Ich suchte vergebens mit Reagentien irgend ein anderes Product außer den bereits
angefuͤhrten, in der gekochten Fluͤssigkeit zu entdeken und stellte
uͤberdieß noch einen entscheidenden Versuch an. Alles was naͤmlich
weder Ameisensaͤure, noch Humussaͤure, noch Humus war, mußte
modificirter, und wenn auch unkrystallisirbarer, doch noch immer gaͤhrbarer
Zuker seyn. Die Quantitaͤt, welche davon nach langem Kochen in
ungesaͤuertem Wasser zuruͤkbleibt, ließ sich durch die
Kohlensaͤure, welche er bei der Gaͤhrung liefert, bestimmen. Auf diese
Art konnte ich also nicht nur die relative Menge der bekannten Producte ausmitteln,
sondern auch einen Fingerzeig erhalten, ob noch irgend eine andere Substanz
vorhanden ist oder nicht.
Eine Aufloͤsung von 40 Gramm Candiszuker und 2 Gr. wasserfreier
Schwefelsaͤure in 120 Gr., destillirten Wassers wurde in einen Kolben
gebracht und der Apparat so eingerichtet, daß die Daͤmpfe verdichtet wurden,
und dann wieder in den Kolben gelangten. Nach 84stuͤndigem Kochen erhielt ich
durch Filtriren eine sehr betraͤchtliche Menge Humus und Humussaͤure.
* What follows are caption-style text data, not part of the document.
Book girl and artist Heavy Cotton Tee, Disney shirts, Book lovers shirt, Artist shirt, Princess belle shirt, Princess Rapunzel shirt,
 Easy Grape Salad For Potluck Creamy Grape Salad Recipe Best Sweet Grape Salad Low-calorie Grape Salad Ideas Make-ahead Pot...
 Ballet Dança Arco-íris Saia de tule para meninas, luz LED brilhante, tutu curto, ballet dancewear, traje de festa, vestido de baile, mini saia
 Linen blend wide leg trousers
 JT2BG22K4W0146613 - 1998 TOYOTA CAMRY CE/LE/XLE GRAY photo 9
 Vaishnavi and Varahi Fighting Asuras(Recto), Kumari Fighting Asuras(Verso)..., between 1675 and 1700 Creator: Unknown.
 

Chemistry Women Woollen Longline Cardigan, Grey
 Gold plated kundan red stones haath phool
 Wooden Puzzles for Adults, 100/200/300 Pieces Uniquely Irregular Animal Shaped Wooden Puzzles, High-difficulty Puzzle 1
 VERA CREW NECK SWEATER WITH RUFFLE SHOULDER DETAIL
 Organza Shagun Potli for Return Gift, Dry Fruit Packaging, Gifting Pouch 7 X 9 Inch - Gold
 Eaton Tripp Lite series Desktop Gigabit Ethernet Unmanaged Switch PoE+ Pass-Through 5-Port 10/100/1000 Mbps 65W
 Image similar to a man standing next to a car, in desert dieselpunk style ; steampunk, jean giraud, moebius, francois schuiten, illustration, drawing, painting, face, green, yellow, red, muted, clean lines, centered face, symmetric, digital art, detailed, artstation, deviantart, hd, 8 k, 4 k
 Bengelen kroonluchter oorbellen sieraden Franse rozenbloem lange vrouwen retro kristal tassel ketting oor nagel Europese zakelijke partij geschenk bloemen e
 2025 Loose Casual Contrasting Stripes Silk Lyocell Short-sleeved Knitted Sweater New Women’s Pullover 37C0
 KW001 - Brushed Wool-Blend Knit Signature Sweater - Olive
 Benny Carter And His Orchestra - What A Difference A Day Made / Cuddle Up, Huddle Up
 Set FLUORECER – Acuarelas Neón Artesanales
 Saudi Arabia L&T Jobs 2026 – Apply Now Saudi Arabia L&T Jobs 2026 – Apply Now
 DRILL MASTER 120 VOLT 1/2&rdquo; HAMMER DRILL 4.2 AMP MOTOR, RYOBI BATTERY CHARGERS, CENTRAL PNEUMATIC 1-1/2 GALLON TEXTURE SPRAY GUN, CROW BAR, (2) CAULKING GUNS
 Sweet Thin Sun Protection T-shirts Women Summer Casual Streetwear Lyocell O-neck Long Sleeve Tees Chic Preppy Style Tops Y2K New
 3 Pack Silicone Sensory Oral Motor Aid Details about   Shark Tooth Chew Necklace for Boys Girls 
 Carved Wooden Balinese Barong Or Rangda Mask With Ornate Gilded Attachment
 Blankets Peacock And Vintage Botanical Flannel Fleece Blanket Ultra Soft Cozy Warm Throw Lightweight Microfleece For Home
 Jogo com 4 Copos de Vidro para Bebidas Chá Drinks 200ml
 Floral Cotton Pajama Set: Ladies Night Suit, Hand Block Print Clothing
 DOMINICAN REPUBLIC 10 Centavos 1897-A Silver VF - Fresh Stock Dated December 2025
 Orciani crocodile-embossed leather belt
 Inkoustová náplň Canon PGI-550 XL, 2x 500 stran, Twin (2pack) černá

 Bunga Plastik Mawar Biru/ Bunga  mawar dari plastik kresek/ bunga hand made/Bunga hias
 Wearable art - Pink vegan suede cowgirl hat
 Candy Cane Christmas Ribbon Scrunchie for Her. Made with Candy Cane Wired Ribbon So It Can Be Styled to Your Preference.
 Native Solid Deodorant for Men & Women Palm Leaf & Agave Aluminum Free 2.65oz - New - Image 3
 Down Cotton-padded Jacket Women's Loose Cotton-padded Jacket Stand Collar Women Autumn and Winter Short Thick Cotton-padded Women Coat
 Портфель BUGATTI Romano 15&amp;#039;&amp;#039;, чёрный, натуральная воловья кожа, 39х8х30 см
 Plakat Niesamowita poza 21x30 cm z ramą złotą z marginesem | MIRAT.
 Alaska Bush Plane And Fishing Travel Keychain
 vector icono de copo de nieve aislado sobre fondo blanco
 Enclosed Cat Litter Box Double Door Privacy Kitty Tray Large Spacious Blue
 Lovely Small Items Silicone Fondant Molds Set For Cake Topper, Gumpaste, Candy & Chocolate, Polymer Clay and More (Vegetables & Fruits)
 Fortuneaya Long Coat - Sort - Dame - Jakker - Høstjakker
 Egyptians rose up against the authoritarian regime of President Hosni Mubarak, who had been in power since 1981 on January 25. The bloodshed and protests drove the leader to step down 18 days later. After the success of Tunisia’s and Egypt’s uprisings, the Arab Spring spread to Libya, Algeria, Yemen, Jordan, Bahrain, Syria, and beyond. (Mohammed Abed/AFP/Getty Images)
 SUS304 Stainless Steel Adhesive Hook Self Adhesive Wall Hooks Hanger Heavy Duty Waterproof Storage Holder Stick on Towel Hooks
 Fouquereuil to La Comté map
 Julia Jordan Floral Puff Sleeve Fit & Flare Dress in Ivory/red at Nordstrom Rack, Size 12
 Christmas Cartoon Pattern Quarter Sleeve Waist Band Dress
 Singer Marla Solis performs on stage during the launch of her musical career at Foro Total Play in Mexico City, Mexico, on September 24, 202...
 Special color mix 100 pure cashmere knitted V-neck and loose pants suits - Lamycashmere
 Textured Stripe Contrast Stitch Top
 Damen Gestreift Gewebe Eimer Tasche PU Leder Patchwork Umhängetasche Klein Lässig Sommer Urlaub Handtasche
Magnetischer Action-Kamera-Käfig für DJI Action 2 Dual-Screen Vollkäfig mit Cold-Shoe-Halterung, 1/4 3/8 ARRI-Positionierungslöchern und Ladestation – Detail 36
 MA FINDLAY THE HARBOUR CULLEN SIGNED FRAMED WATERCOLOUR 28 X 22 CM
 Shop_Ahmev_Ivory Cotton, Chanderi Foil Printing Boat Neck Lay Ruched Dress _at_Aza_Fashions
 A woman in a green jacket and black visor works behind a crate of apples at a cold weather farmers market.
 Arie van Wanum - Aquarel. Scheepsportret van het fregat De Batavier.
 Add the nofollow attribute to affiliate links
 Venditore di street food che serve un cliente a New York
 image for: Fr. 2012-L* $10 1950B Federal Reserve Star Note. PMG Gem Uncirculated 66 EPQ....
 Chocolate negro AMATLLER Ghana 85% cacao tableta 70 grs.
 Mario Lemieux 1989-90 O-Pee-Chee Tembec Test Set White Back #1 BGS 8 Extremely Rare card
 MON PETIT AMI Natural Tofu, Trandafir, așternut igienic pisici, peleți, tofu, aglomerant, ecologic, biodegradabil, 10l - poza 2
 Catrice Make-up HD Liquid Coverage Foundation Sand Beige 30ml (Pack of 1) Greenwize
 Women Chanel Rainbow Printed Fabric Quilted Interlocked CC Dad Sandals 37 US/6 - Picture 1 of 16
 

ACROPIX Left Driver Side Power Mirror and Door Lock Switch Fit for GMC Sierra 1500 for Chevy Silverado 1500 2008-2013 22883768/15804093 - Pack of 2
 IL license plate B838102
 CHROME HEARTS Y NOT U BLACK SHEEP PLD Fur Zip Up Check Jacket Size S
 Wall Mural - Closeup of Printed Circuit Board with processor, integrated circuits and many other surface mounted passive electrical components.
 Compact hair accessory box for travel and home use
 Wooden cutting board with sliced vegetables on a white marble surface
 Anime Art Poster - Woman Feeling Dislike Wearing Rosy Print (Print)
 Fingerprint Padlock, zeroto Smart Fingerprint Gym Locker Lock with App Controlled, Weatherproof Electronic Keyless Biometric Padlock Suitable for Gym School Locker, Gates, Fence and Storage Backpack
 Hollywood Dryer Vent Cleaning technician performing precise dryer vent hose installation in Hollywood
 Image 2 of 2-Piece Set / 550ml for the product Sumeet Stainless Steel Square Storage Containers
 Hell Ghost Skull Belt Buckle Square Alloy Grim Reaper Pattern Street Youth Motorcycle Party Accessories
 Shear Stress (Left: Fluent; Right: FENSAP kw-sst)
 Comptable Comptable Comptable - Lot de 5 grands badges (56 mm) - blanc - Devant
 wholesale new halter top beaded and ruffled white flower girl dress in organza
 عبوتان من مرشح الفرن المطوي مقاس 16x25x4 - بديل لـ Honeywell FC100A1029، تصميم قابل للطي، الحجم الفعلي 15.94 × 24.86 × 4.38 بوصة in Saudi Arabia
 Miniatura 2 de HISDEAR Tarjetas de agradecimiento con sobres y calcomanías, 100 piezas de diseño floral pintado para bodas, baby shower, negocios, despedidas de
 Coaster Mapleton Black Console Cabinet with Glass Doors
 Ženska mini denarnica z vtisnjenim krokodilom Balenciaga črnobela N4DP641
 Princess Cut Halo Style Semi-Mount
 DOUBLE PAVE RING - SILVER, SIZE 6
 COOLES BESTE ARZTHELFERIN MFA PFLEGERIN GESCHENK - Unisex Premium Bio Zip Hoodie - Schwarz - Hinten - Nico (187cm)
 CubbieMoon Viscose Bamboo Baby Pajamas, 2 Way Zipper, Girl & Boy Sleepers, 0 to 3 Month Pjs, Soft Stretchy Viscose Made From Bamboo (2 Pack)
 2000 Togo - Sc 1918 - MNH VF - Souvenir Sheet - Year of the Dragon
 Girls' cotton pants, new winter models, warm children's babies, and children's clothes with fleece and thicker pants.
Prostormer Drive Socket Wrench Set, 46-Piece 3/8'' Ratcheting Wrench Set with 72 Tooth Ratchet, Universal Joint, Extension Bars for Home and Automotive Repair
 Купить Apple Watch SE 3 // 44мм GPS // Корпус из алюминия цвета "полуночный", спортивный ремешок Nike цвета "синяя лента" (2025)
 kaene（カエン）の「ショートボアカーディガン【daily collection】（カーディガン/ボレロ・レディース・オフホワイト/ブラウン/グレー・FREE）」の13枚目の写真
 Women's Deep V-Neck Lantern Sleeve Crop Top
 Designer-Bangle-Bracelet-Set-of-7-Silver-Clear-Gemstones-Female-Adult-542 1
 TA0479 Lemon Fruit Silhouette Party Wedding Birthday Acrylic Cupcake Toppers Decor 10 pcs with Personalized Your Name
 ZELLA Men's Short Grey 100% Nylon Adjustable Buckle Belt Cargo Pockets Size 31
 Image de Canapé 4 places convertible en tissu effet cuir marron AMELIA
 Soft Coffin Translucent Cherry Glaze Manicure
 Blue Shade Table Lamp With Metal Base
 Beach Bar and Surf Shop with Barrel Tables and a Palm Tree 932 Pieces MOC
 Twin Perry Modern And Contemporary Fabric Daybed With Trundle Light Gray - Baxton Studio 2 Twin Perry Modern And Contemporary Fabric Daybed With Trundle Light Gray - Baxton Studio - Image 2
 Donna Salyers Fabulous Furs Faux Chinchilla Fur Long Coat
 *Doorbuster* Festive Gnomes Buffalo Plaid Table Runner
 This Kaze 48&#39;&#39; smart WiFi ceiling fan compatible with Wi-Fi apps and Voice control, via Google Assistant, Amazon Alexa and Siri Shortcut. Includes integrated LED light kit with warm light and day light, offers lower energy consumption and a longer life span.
Die filtrirte Aufloͤsung versezte ich mit einem Ueberschuß von kohlensaurem
Baryt (in breifoͤrmigem Zustande), worauf ich mit verduͤnnter
Schwefelsaͤure allen Baryt aus dem ameisensauren Baryt niederschlug, den
geringsten Ueberschuß von Schwefelsaͤure vermeidend. Da nun außer der
Ameisensaͤure keine andere Saͤure mehr auf den Zuker wirken konnte, so
destillirte ich die Fluͤssigkeit, bis sowohl das Destillat als der
Ruͤkstand nicht mehr sauer reagirte. Die destillirte Fluͤssigkeit
wurde mit concentrirtem kohlensaurem Natron gesaͤttigt und mit einer
Aufloͤsung von Queksilberchlorid gekocht. Die Kohlensaͤure, welche
sich hiebei entband, wurde durch eine ammoniakalische Aufloͤsung von
Chlorbarium geleitet und so 23,724 Gr. kohlensaurer Baryt erhalten, die 1,470 Gr.
Kohlenstoff und 4,473 Gr. wasserfreier Ameisensaͤure entsprechen.
Die Haͤlfte des Ruͤkstandes von der Destillation, worin sich der Zuker
befand, ließ man gaͤhren und die dabei entbundene Kohlensaͤure
entsprach nach der Berechnung 9,362 Candiszuker, was mit 2 multiplicirt, 18,724
gibt.
Der auf einem Filter gesammelte, aus Humus und Humussaͤure bestehende
schwaͤrzliche Saz wurde bei + 110º C. ausgetroknet (da 100°
nicht hinreichen, um alles hygroskopische Wasser auszutreiben; er wog 13,011 Gr.,
die 7,499 Kohlenstoff entsprechen.
Es sind nun 21,276 Gr. Candiszuker von den zum Versuche angewandten 40 Gr. in den
erhaltenen Quantitaͤten von Ameisensaͤure, Humussaͤure und
Humus aufzusuchen. Ich will zuerst den Kohlenstoff dieser drei Producte bestimmen
und ihn dann mit dem des verschwundenen Zukers vergleichen.
4,473 Gr.
Ameisensaͤure
= Kohlenstoff
1,470
13,011 Gr. Humussaͤure und
Humus
=
„
7,499
–––––
8,969
–––––
21,276 Gr. Candiszuker
= Kohlenstoff
9,058
Da die Humussaͤure etwas aufloͤslich ist und so viele Manipulationen
bei diesem Verfahren noͤthig waren, so ist die Differenz von keinem Belang.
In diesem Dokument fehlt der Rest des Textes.